= Cornelia van Duijn =

Dutch epidemiologist

Cornelia Marja van Duijn is a Dutch epidemiologist. She is a Professor of Epidemiology at Nuffield Department of Population Health and a Fellow of St Cross College, Oxford. In 2020 she was elected a Fellow of the Academy of Medical Sciences.

==Education==
Cornelia van Duijn studied for a master of science in human nutrition and mathematical statistics at the Agricultural University of Wageningen, and earned her doctorate in genetics and epidemiology at Erasmus University Medical School in 1992.

== Research ==
She is Professor of Genetic Epidemiology at the Erasmus University Medical School Rotterdam in the Netherlands. She is also Professor of Epidemiology at Nuffield Department of Population Health, and part of the Oxford Big Data Institute. Her research interests are in interactions between genes, and between genes and the environment. van Duijn leads or is part of a number of large epidemiological studies. With Masud Husain, she co-leads Dementia Research Oxford, a consortium aimed at identifying treatments and prevention for dementia. She is also involved in international consortia such as CHARGE (Cohorts for Heart & Aging Research in Genome Epidemiology), IGAP (International Genetics of Alzheimer Disease Project (IGAP) and EADB (European Alzheimer Disease Biobank).

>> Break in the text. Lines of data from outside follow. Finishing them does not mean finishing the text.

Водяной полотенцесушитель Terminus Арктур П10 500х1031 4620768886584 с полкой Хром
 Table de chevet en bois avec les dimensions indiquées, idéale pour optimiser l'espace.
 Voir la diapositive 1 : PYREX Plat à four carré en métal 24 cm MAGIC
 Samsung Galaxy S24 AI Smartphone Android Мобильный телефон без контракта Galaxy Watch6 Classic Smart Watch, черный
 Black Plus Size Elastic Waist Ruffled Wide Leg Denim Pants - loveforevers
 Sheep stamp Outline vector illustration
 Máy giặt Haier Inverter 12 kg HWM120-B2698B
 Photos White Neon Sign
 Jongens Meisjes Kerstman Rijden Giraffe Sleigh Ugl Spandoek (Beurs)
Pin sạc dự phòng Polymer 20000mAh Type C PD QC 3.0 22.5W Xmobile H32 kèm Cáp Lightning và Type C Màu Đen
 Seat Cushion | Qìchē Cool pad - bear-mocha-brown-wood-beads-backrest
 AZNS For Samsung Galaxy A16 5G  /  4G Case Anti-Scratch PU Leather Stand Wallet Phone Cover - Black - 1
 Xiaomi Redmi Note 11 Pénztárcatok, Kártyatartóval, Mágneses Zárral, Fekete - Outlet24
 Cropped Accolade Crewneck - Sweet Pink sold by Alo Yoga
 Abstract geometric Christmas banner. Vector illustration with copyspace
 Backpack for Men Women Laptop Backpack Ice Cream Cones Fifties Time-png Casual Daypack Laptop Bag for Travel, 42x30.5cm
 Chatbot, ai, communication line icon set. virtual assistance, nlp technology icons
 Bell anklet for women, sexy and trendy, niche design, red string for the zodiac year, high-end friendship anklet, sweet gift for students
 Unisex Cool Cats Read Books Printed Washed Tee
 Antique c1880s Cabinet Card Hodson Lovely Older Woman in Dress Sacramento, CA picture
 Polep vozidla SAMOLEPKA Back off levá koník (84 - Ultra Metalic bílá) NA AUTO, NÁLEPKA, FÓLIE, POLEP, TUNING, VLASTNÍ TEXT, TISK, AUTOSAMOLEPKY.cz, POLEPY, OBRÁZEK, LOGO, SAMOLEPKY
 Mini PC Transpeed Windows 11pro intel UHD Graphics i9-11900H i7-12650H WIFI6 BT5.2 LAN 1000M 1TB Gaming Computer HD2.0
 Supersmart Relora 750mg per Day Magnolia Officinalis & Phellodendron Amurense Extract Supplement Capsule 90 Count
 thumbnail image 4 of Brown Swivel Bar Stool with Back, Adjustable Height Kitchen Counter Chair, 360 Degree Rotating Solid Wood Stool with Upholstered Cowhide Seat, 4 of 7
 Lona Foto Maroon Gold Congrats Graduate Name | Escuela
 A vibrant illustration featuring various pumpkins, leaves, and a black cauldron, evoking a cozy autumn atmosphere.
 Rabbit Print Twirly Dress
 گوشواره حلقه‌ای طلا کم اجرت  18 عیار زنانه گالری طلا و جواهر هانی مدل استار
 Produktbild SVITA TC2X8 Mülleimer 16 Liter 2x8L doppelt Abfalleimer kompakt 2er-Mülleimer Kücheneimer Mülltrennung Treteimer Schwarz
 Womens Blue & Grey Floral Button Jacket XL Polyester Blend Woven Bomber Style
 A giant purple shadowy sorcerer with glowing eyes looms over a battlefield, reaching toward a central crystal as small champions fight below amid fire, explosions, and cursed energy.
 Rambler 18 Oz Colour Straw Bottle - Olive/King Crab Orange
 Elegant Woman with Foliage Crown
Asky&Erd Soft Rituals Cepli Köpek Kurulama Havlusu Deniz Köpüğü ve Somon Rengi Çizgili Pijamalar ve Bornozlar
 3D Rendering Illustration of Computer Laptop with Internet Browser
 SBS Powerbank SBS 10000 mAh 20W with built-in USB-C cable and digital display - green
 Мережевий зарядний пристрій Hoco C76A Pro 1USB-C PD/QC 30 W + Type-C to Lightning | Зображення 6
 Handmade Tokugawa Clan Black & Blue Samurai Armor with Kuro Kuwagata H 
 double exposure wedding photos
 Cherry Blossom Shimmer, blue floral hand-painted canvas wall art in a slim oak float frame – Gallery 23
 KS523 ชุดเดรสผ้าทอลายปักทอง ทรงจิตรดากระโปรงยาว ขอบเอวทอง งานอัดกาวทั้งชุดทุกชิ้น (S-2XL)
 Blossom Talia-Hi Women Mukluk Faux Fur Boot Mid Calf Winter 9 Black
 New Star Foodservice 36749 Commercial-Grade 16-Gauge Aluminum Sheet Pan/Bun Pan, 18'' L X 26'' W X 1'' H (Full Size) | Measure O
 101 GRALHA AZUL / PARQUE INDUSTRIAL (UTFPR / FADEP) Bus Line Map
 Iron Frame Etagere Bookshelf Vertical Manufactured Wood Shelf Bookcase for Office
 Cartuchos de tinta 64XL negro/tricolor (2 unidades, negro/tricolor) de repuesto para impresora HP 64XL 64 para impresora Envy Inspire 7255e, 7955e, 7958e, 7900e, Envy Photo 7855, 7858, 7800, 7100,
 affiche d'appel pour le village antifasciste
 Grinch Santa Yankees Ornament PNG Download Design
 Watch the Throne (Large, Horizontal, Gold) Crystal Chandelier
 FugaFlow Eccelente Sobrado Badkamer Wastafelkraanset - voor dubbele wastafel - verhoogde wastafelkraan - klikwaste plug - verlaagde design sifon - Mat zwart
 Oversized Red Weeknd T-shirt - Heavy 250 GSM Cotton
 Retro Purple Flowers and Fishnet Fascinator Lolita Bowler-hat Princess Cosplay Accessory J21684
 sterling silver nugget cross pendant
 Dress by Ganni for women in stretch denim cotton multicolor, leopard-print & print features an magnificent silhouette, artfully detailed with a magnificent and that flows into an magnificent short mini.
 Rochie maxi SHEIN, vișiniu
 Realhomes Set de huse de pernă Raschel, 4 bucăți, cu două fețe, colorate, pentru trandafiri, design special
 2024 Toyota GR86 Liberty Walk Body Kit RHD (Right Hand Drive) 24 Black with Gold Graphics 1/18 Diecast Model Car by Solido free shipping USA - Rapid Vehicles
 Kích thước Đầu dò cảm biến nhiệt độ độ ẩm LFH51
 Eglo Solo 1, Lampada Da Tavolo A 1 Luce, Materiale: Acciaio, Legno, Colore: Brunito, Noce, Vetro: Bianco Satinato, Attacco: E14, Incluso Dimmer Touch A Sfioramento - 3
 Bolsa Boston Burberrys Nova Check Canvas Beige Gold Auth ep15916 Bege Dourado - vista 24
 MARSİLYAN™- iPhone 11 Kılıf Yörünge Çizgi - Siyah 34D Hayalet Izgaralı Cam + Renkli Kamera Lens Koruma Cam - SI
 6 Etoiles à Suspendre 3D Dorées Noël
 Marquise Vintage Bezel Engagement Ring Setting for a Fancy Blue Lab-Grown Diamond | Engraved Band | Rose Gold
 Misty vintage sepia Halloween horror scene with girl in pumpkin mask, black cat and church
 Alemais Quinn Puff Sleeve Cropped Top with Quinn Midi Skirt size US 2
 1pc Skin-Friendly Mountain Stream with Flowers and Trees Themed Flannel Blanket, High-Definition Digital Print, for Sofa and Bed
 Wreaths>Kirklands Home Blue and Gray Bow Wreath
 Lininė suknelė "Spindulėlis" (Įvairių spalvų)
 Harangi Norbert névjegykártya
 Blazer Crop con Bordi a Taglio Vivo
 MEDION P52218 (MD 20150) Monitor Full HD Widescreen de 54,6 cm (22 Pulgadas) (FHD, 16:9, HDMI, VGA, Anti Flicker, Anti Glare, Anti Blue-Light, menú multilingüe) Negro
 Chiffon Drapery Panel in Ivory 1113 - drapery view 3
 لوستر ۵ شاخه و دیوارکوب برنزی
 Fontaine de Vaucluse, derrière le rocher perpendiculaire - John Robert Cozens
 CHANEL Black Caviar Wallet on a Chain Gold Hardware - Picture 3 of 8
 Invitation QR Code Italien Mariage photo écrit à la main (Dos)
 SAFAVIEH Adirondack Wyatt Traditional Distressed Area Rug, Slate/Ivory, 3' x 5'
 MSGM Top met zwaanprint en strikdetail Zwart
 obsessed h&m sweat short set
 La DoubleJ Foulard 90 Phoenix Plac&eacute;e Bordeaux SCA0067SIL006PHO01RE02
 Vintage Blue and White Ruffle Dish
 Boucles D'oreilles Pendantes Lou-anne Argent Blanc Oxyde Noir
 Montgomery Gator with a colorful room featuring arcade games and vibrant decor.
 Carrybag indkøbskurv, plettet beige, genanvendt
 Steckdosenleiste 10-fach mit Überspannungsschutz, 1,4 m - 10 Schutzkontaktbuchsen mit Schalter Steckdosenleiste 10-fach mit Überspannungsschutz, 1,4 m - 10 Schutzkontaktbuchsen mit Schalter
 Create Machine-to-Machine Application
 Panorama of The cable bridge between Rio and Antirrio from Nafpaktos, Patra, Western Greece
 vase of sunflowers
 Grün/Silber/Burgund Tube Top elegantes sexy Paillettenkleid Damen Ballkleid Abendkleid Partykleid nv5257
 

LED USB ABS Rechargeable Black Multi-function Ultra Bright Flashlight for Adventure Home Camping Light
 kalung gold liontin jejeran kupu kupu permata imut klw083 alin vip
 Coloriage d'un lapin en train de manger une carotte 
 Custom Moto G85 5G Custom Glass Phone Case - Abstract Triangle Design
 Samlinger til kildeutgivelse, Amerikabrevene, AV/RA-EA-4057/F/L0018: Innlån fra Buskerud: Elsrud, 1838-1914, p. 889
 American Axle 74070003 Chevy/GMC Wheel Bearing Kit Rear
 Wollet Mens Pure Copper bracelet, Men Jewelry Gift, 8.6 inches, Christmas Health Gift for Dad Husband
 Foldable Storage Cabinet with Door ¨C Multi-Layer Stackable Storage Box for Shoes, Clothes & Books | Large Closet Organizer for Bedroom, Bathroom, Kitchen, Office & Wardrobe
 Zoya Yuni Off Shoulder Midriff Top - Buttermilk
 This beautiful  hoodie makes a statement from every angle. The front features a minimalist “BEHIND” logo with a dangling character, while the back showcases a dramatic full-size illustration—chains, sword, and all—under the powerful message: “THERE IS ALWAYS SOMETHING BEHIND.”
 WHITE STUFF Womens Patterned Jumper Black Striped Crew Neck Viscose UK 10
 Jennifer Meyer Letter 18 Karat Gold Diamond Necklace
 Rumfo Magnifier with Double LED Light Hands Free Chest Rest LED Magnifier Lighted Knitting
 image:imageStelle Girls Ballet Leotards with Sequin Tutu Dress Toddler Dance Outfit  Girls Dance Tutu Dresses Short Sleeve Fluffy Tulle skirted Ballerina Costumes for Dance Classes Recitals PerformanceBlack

Van Duijn is on the steering committee of the Oxford British Heart Foundation (BHF) Center of Excellence. In November 2024 van Duijn was announced as the new research director of Brain Health, a consortium which aims “to lead a UK-wide data and infrastructure approach dedicated to brain health research”.

In June 2020 she became a Fellow of the Academy of Medical Sciences. She is a member of the Royal Netherlands Academy of Arts and Sciences (KNAW).